Harnessing the power of big data and machine learning as a digital crystal ball, 2019 Research Scientific Symposium Keynote Speaker Olga Troyanskaya, PhD, showed the audience how her lab is delving into biochemical activity in the vast non-coding regions of the genome to make predictions about genetic variants’ causal connections to rare diseases and complex common disorders.
A professor at the Lewis-Sigler Institute for Integrative Genomics and the Department of Computer Science at Princeton University, Dr. Troyanskaya wants to find the meaning in the mountain of information genomic databases have compiled in recent years. While each single-nucleotide variant associated with a disease is a stepping stone, she encouraged researchers to reach a greater understanding of specific variants’ function, their effects on gene expression, and how they may influence disease risk and pathophysiology.

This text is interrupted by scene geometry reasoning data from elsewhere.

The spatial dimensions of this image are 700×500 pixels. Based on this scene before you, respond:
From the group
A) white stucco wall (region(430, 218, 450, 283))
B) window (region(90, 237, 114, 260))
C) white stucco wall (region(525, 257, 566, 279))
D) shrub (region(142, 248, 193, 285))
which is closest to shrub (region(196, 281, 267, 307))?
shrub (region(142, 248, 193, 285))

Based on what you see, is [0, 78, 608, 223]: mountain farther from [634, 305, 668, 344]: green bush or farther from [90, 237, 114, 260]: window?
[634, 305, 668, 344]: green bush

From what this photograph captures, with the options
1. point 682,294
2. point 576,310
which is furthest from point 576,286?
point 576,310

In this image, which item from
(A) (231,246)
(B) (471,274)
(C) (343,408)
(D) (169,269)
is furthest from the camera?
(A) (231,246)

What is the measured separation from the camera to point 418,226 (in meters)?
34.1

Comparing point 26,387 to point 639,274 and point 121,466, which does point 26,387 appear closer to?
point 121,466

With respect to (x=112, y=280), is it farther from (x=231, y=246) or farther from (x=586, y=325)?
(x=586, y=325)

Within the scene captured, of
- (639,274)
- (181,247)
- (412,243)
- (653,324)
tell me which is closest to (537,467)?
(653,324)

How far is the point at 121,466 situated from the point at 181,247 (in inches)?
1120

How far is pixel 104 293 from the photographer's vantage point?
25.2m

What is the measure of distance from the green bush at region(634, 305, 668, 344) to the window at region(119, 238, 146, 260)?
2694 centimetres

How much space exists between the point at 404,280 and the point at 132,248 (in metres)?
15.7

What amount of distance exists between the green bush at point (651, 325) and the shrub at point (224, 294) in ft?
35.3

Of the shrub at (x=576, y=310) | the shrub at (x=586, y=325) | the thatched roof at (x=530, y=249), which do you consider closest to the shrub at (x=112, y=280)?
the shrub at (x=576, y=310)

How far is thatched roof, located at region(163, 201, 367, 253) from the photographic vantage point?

“Before we can make precision medicine anywhere closer to reality, we really need to start thinking very deeply about how we can actually interpret all of those single variant changes,” Dr. Troyanskaya said.

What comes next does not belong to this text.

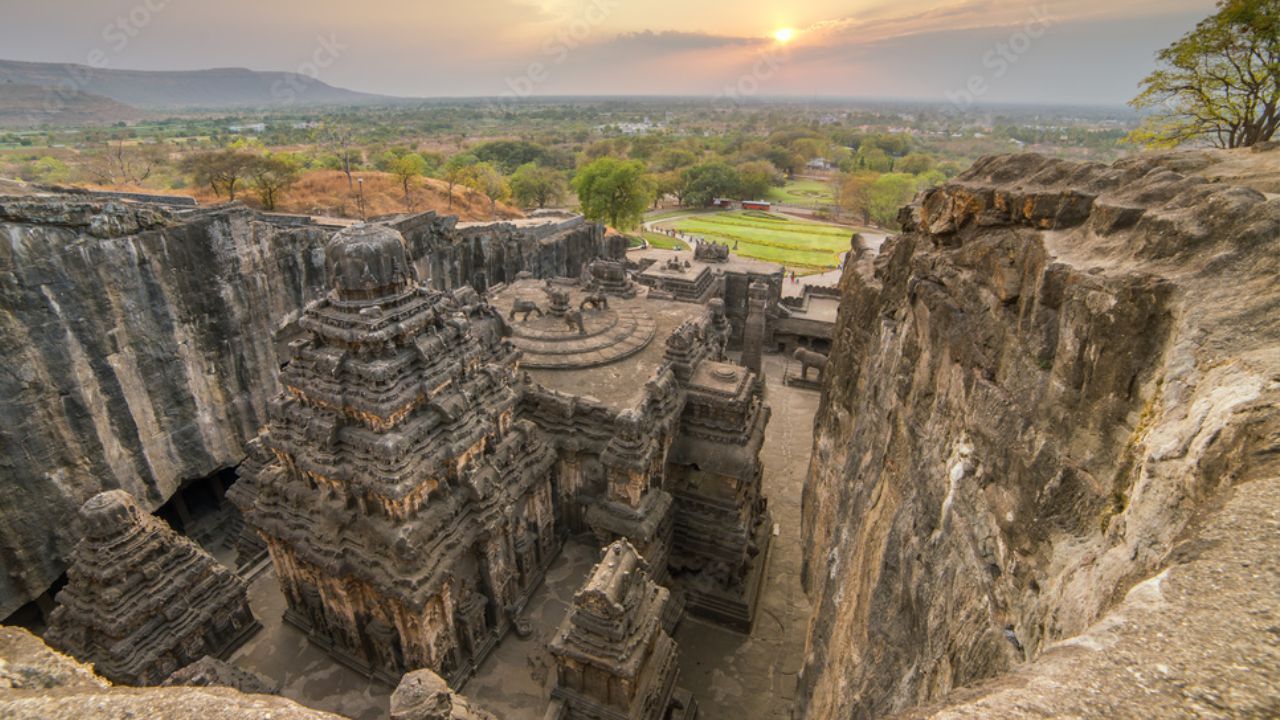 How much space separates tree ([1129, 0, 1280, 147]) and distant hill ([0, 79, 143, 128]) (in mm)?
217396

Dr. Troyanskaya’s lab focuses on the dynamic interplay between genomics, computational methods, and traditional experimental and clinical data to surmount this complex biological challenge. In order to sift through the 3 billion letters of sequence in the human genome — 98 percent of which are non-coding DNA — her team developed two deep learning methods, DeepSEA and Seqweaver, to identify disease-causing mutations at the single-nucleotide level in transcriptional regulatory sequences and RNA regulatory sequences, respectively. In other words, her team teaches computers algorithms to find important patterns and identify processes that are likely disrupted in a genetic disorder.
Her team also created a framework called ExPECTO that predicts expression levels directly from sequence and is capable of predicting tissue-specific transcriptional effects of sequence variations. Mapping out the functional genomics picture of a cell and merging it with human quantitative genetics data will help to more effectively pinpoint causal variants’ molecular mechanisms, Dr. Troyanskaya said. For example, they are using these methods to elucidate genetic variations associated with autism spectrum disorder (ASD) and predict misexpression of neurodevelopmental proteins in brain tissues of autistic individuals.

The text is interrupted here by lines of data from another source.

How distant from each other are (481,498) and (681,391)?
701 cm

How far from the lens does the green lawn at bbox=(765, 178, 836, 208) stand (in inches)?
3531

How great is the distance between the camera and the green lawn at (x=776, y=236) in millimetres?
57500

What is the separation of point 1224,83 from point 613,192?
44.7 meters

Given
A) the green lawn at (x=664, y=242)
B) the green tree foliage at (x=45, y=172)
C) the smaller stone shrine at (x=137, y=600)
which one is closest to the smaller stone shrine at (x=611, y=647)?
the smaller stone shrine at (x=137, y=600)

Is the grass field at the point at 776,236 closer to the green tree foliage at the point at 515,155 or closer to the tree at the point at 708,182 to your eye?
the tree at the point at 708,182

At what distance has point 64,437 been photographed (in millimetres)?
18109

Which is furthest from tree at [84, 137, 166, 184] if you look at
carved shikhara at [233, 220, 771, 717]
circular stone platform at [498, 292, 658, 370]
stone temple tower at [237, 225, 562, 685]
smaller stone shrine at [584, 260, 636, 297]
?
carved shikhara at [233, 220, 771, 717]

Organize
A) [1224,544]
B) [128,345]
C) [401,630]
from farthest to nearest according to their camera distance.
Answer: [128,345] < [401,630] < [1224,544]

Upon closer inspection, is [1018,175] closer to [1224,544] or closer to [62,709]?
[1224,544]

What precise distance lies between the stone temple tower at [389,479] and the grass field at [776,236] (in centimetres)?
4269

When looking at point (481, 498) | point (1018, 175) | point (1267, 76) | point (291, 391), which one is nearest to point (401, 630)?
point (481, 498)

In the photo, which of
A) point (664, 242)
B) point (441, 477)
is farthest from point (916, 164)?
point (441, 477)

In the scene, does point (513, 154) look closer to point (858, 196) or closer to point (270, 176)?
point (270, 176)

As researchers gather information about the non-coding effects of genetic variants, Dr. Troyanskaya anticipates this new knowledge will help to illustrate which protein networks and pathways are interacting in different cell types and tissues at certain developmental stages. Such insights could one day lead to improvements in early diagnosis strategies, provide patient-specific therapeutic targets, inform intelligent drug design, and optimize patients’ individual responses to those therapies. Scientists interested in learning more about the data-driven predictions from Dr. Troyanskaya’s lab can visit the online resource HumanBase.